Die Europäische Kommission entscheidet zugunsten des dänischen online Glücksspiels
Die Europäische Kommission entschied jetzt zugunsten des dänischen Online-Glücksspiels. Die abgelehnten Beschwerden stammten von einem physischen Casino in Dänemark und der dänischen Slotmaschinen-Vereinigung. Diese bezahlen Bruttosteuern in Höhe von 45%-71% auf das Glücksspieleinkommen, lizenzierte Online-Casinobetreiber hingegen nur 20%, was als Verstoß gegen die Regeln für staatliche Beihilfe betrachtet wurde. Die Europäische Kommission argumentiert: „Grund dafür ist, dass die positiven Effekte der Liberalisierung des Sektors potenzielle Wettbewerbsverzerrungen überwiegen.“
Der dänische Gesetzesentwurf wird ab 1. Januar 2012 zum Gesetz. Die ersten Lizenzen gelten ab diesem Datum.
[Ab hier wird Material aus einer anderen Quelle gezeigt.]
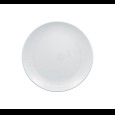 Coupebord plat rond Charm Plus Polaris White Ø280mm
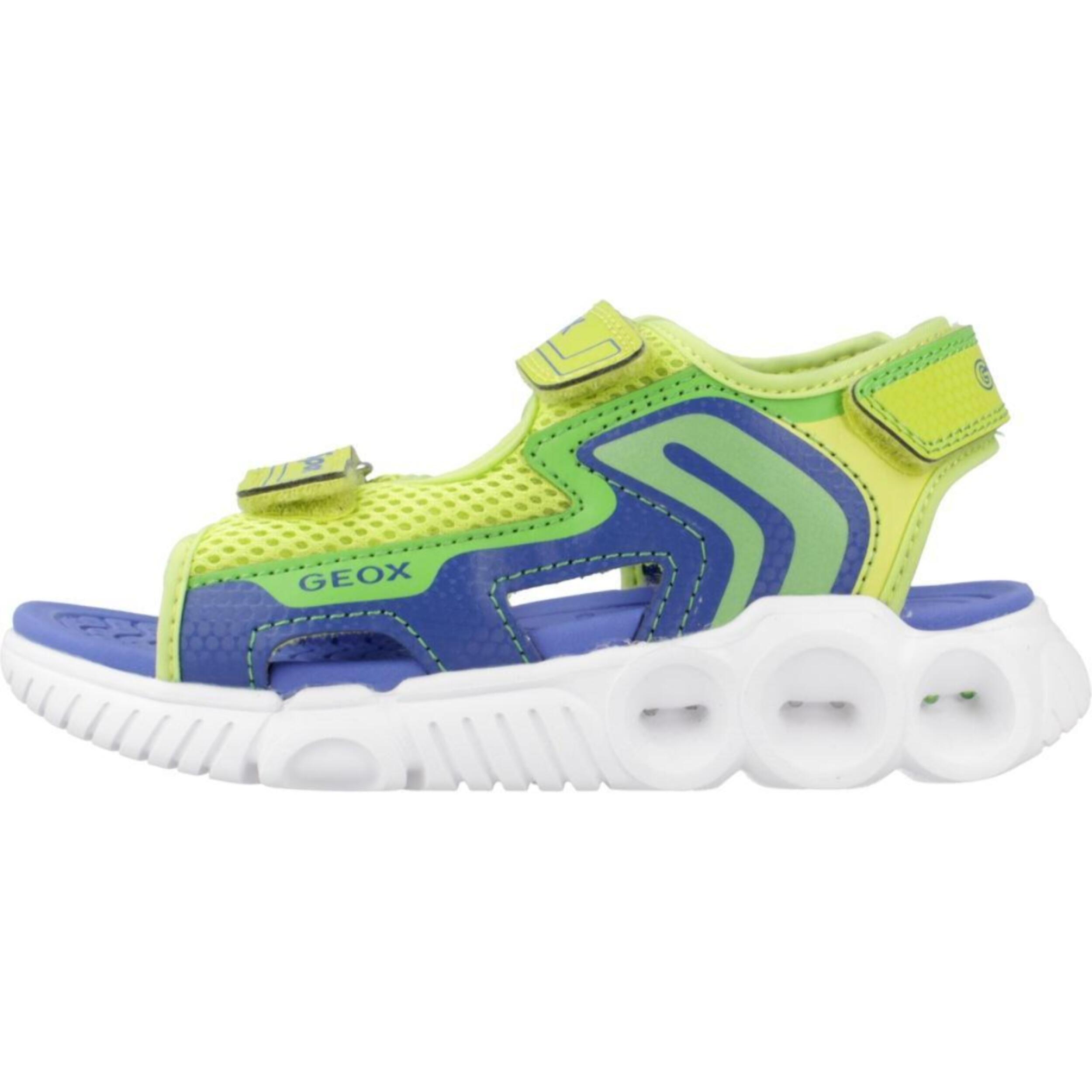 Sandalias Niño de la marca GEOX  modelo J SANDAL WROOM BOY AMARILLO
Es gibt zwei verschiedene Lizenzen für private Glücksspielbetreiber, eine für online und offline Sportwetten, inklusive Fixed, Pool, Spread und Exchanges, eine für online Casinos mit Poker, Blackjack, Roulette, Slots, Backgammon, Whist und Bridge. Bingo und Pferderennen werden bei Danske Spil, dem staatlichen Monopol, bleiben.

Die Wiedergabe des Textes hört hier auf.